Too Sad to Joke About - September 11 all but wiped out what had been for me, up to then, the saddest story of the year - the Andrea Yates case, which went to trial yesterday. It brought up an interesting question: in a land where we're all supposed to be equal before the law, are women just a little more equal than the rest of us?
Feminist groups are demanding Yates be released to treatment - that post-partum depression is the villain, not Ms. Yates herself. Imagine a man trying to skate on five murders by claiming he was depressed? Conservative feminists have their own take on this.
In many areas of the law - for example, rape shield laws, which are in the news with the final disposition of the Jovanovich case, and various campus behavioral codes that put the burden of proving innocence against virtually any sex-related charge on the men - women risk being infantilized by the law. In the workplace, they're perfectly equal, of course - but in court, they're weak little creatures that must be deferred to and defended.
It's not a news flash - feminism isn't about equality any more. It's just depressing to see it playing out over the lives of five children.
Ah, well. Back to the real war.
Distorted Priorities - William Safire wrote a great article yesterday about the distortion in security priorities in Washington since the start fo the war, and the danger that poses to our freedom.
Talk Talk - The concealed carry debate begins on Politalk today. In theory, my article "The Top Three Myths about Concealed Carry Reform" should appear. Again, I've posted it on my articles site a day in advance of the debate (because I can, that's why!
First, I Take Your Leg - Fascinating article in the Strib that puts a name to something conservative talk-radio has been noting for years - the tendency of bureaucrats, when "cutting budgets", to slash the things that'll get the most public resistance first. Then, maybe, start trimming actual fat.

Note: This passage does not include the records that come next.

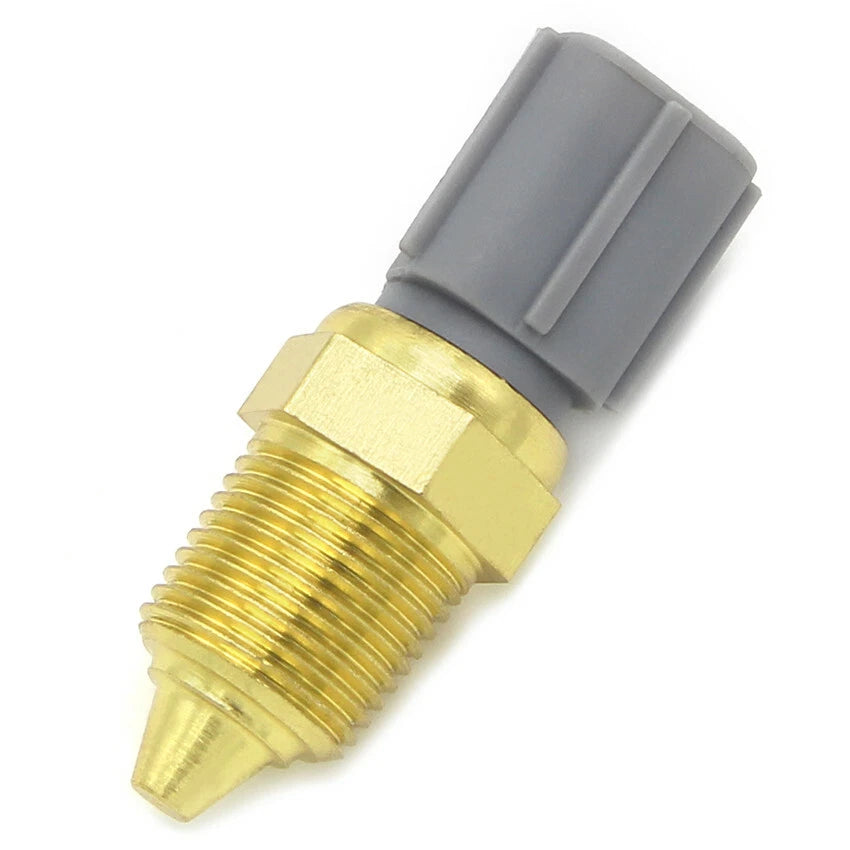 Radiator Fan Thermo Switch for Polaris Ranger 500, Sportsman 500 EFI, X2 550 EPS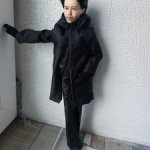 Фронтмэн Ин Хо Игра в кальмара ООАК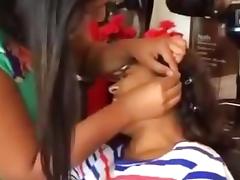 Srilankan Piericing tube porn video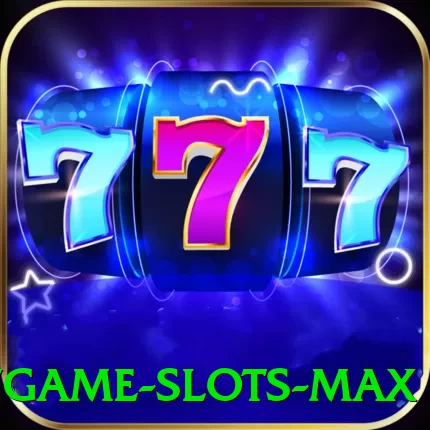 ola7game - Slots Max - go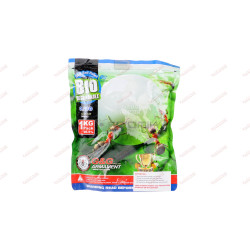Billes BIO 0.28gr sachet de...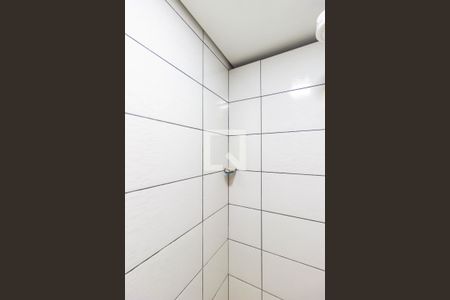 Casa à venda com 400m², 3 quartos e 2 vagasBanheiro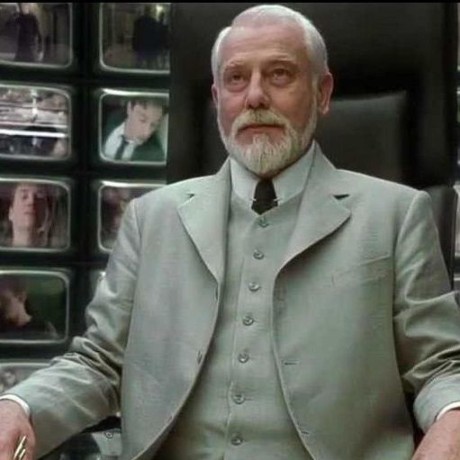 Daniel Polak Github - 4K Ocean Pictures for Desktop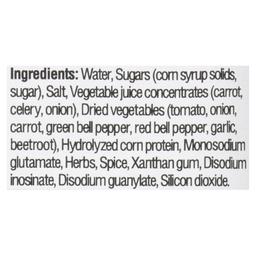 Product thumb gallery 25494335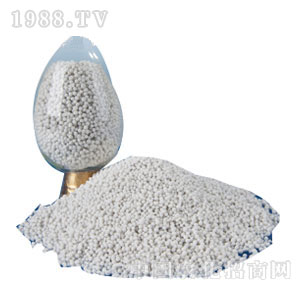 �_��-�����׷�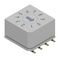 WURTH ELEKTRONIK 428511310816
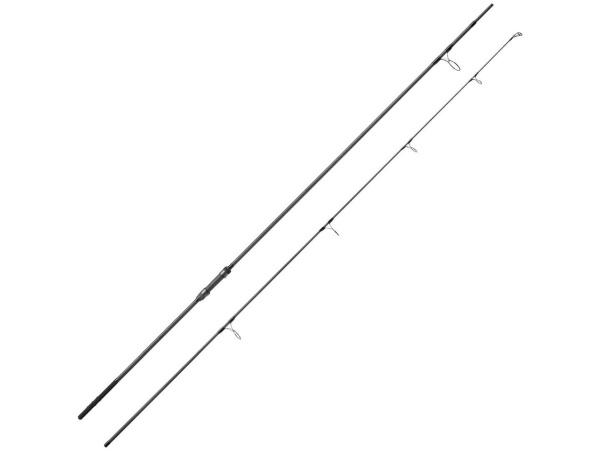 GREYS - Prut AirCurve MKII rod 3,6m,3,5lb 2D ABB 50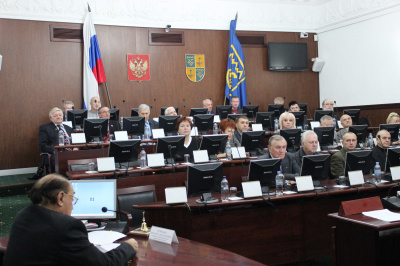 Идея переименования Тольятти в Ставрополь-на-Волге вновь вызвала дискуссию 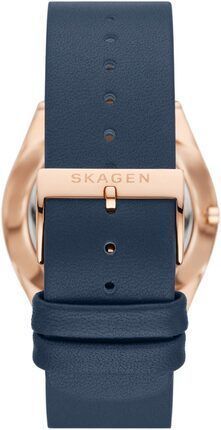 Годинник Skagen SKW6834 910058 фото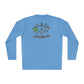 Fishing shirt Palagic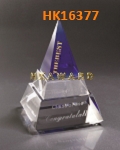 HK16377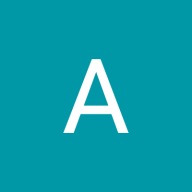 Ajch30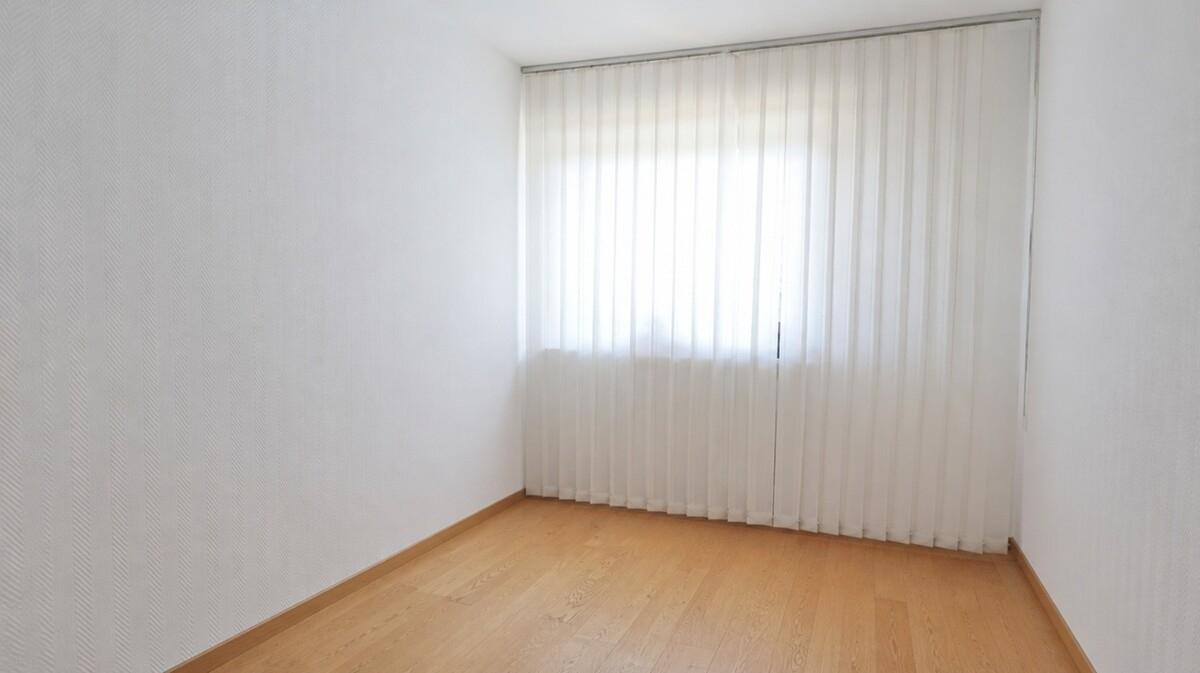 Schlafzimmer #1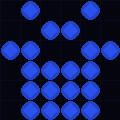 201.158.59.126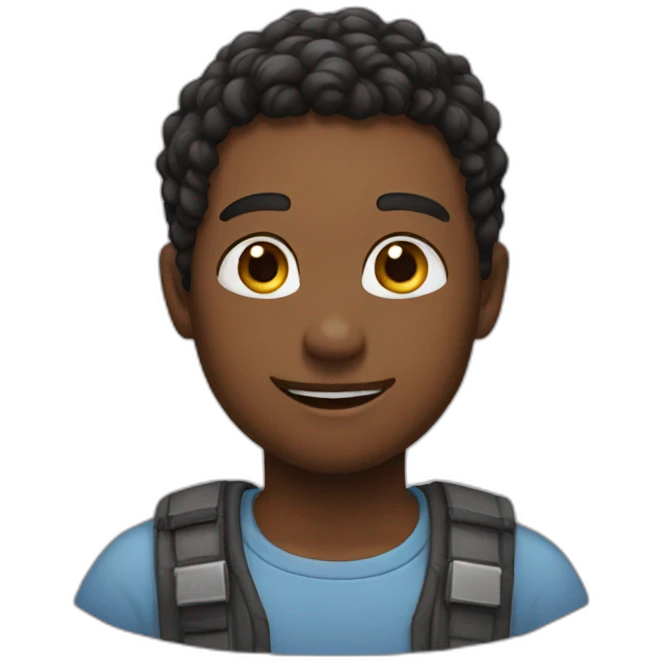 kindness emoji
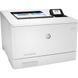 Принтер А4 HP Color LJ Enterprise M455dn 3PZ95A фото 2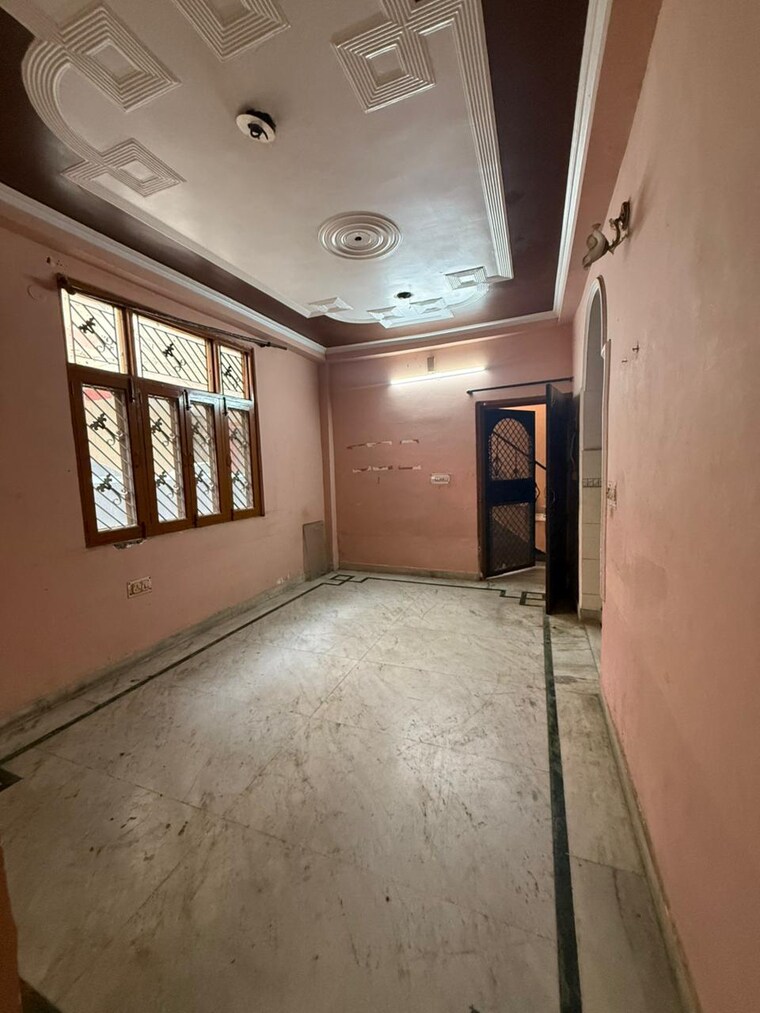 Living Room, vaishali sector 6 3 Bedroom 1350 Sq.Ft. Builder Floor In Vaishali Sector 6 Ghaziabad 8990507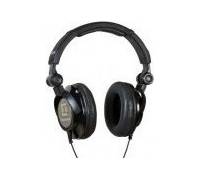 Produktbild Ultrasone Edition 9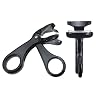 Japonesque Professional Eyelash Curler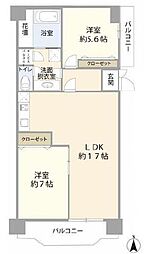 フォートレスフタミ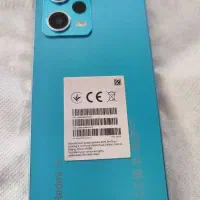 نوت12پرو5G
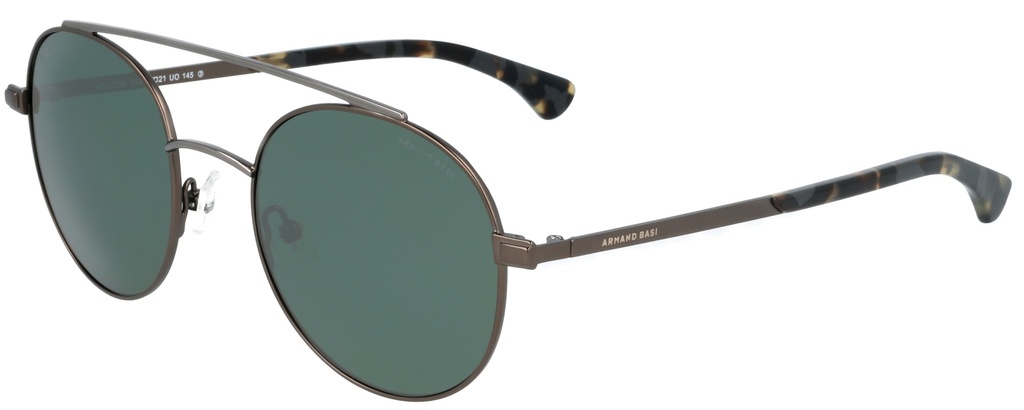 ARMAND BASI SUN 12328 COL 203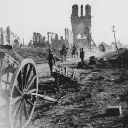 Changing Era's|Nation Roleplay's icon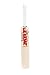 MRF Genius Grand Edition Virat Kohli Endorsed English-Willow Cricket Bat RS.7482.00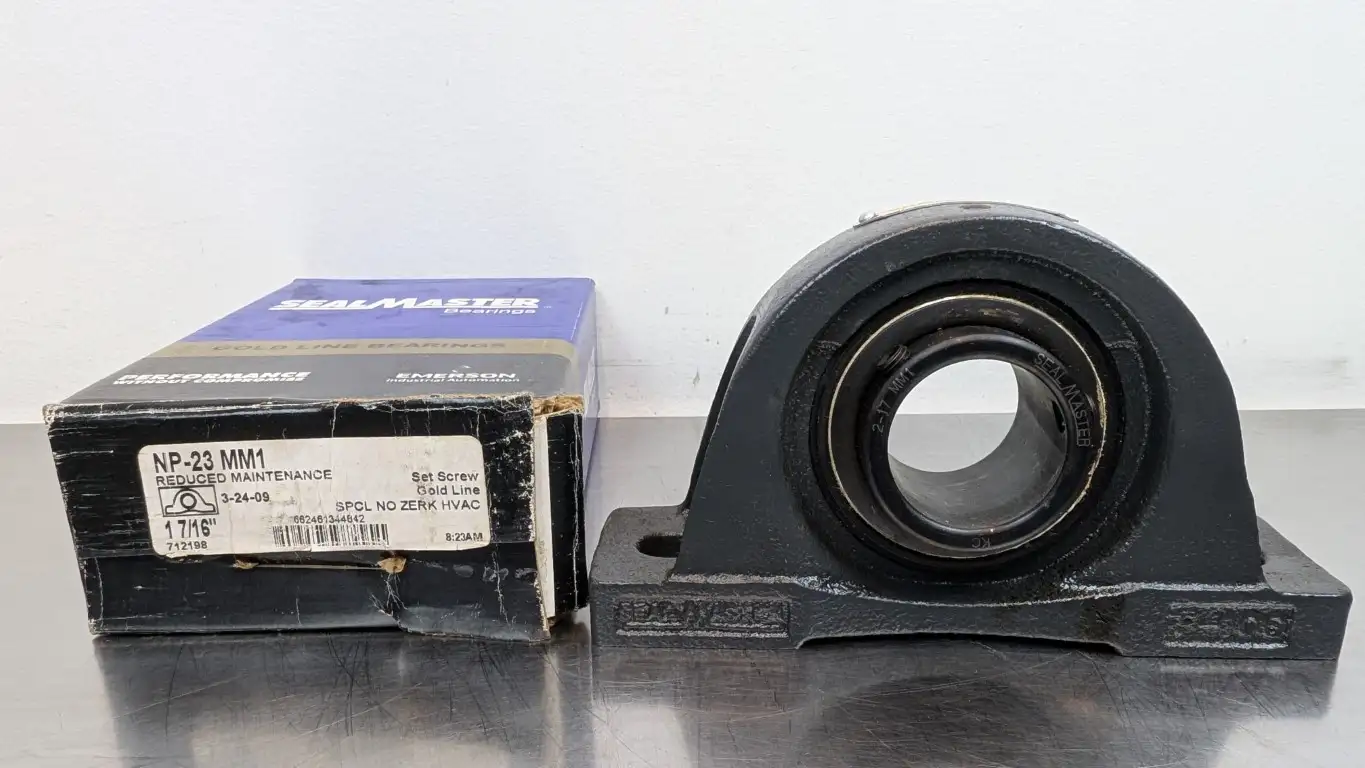 7249 1 sealmaster np 23 mm1 1.webp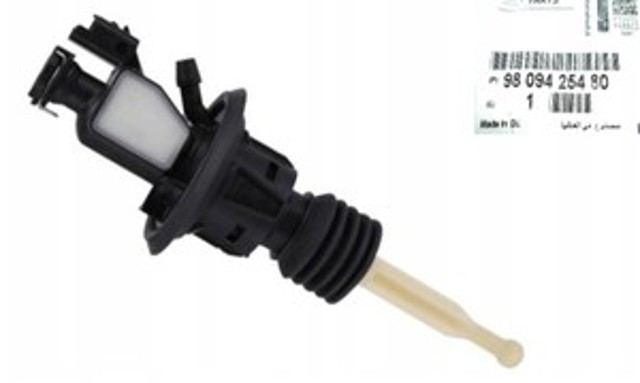 Bombin de embrague 9809425480 Peugeot/Citroen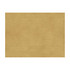 Brunschwig & Fils Fabric Sukhothai Mustard Gold Fabric SILK - 100% Thailand </p><p>Repeat: H: 0, V: 0 55 - My Fabric Connection -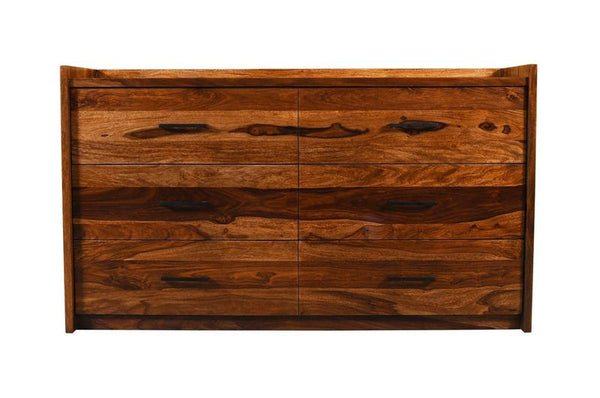 Commode NAGPUR 57" - Kif-Kif Import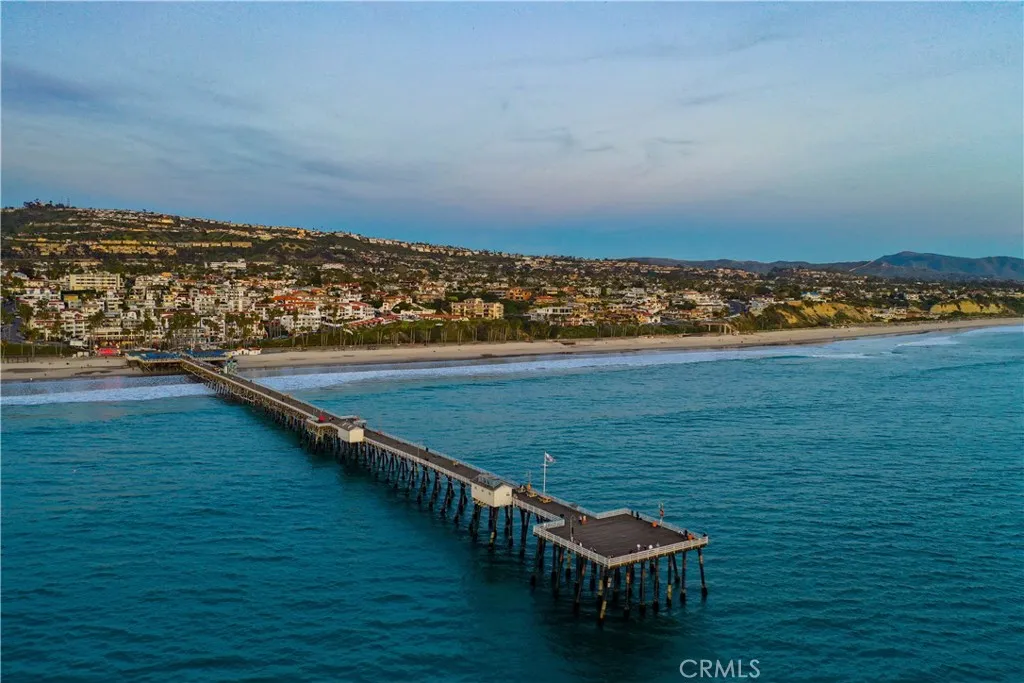 405 Calle Alicia, San Clemente, California 92672 home-pic-56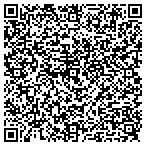 QR code with Universal System Technologies contacts
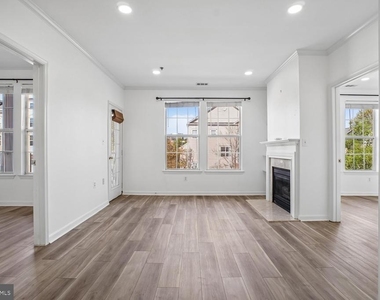 171 Somervelle Street - Photo Thumbnail 9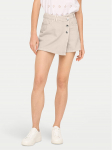 ONLY Seelik-p&uuml;ksid Milly 15338617 Beež Regular Fit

Worth reading when dealing with your local school board, come levy time.
Fraying About the Edges - One more sign that life in the Twin Cities just isn't as good as it was.
This was one thing about the greater Twin Cities that always astounded my friends from Chicago and LA. Sorry to see it on the skids.
Now 75% Less Vacuous! - Great article in Reason Magazine about how the press is - or at least sees itself as - being a whole lot less frivolous now than before the war.
Blah - The worst kind of hangover is the one where you haven't had a thing to drink in weeks.
I've got the same upper-respiratory crud that everyone else has. Hacking cough, headache, general Mencken-ish dyspepsia...
So this might be a thin issue today. More to come!
Liberals and Defense - We talked last week (see the Archives) about liberals' exaggerated faith in "the Clinton Military". Another idea popped to mind this week along those lines.
Liberals are criticizing President Bush's defense budget, lambasting "programs left over from the Cold War", and crowing that the victory in Afghanistan proves that Mach 2 fighter jets and M1 Abrams tanks are obsolete - that "the wars of the future" will be won by intelligence and special forces and precision-guided bombs.
They say the military always trains to fight the last war. Whether that's true or not - let's ignore that for a moment - what's obvious is that liberals are even more prone to that tendency.
After Vietnam, liberals said the tank and the B-52 were obsolete. After the Gulf War, some liberals said special forces didn't hold a candle to the tank and the cruise missile! And now...the Green Beret is suddenly the measure of warfighting potential.
Well, indeed, in Afghanistan the Green Beret (and the British SAS trooper) indeed were the arbiter of victory. But who's to say the next war will be like Afghanistan? Who's to say they won't have an air force? The former USSR has been selling off its highly advanced aircraft and surface to air missiles for a decade now. Is the tank obsolete? Not when driving across the desert or the plains, where groups of special forces can't hold a candle to teams tanks and helicopters and close support aircraft.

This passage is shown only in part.